Activity:
Below are some records. Quote exactly the lines from the one that contains "Aiyos 21.5 Inch" through the last, both included, and leave out the pictures.

Available data:
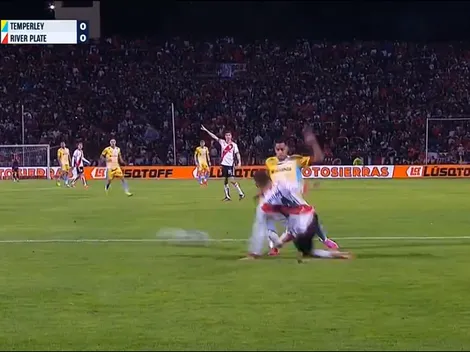 VIDEO | ¿Fue penal? La patada de González Pirez que generó polémica en Temperley vs. River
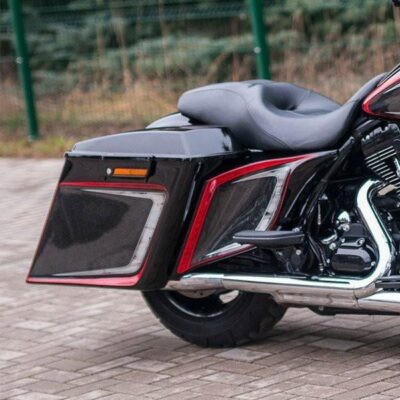 Harley-Davidson Stretched Extended Side Covers 09-13 "Wave"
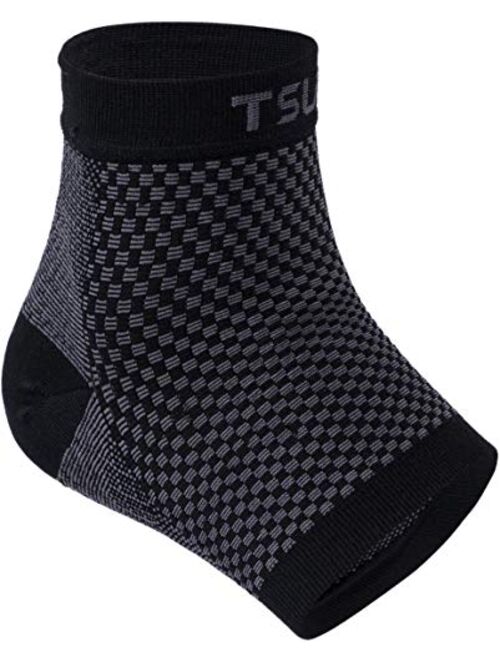 TSLA 1 or 2 Pairs Plantar Fasciitis Socks with Arch Support for Men & Women, Ankle Compression Socks for Foot and Heel Pain Relief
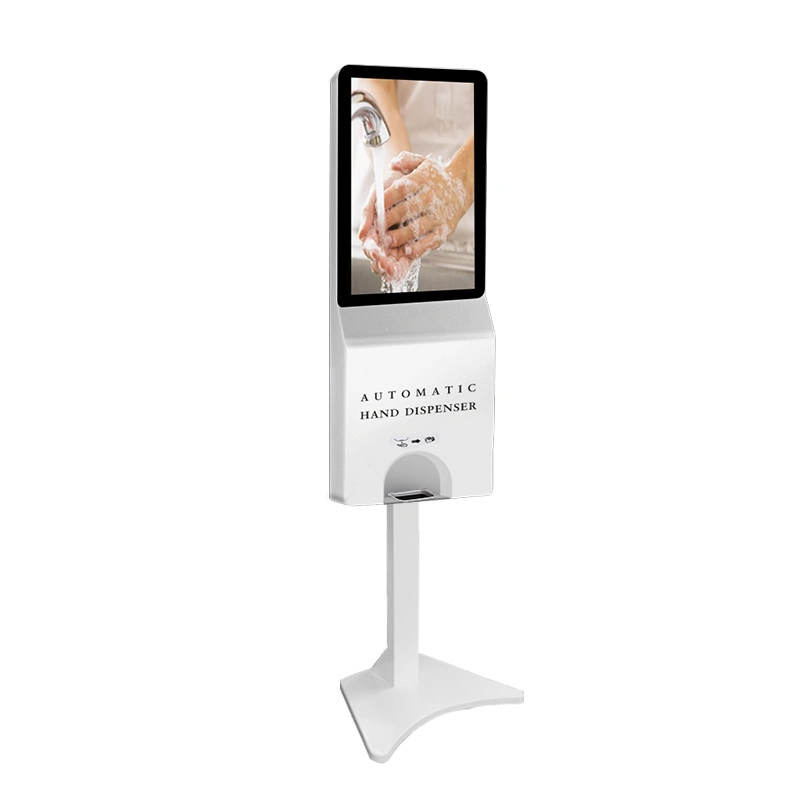 Aiyos 21.5 Inch Android Digital Signage LCD Displays with Hand Washing Liquid Sanitizer Dispenser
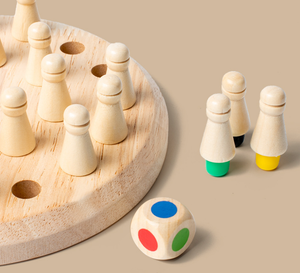 Wooden Memory Chess Puzzle Toy Mimarta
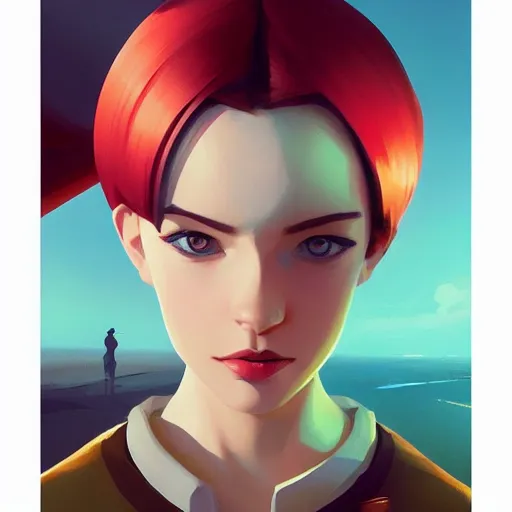 Image similar to face icon stylized minimalist megan man x, loftis, cory behance hd by jesper ejsing, by rhads, makoto shinkai and lois van baarle, ilya kuvshinov, rossdraws global illumination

Solution for this problem:
 Aiyos 21.5 Inch Android Digital Signage LCD Displays with Hand Washing Liquid Sanitizer Dispenser
 Wooden Memory Chess Puzzle Toy Mimarta
 Image similar to face icon stylized minimalist megan man x, loftis, cory behance hd by jesper ejsing, by rhads, makoto shinkai and lois van baarle, ilya kuvshinov, rossdraws global illumination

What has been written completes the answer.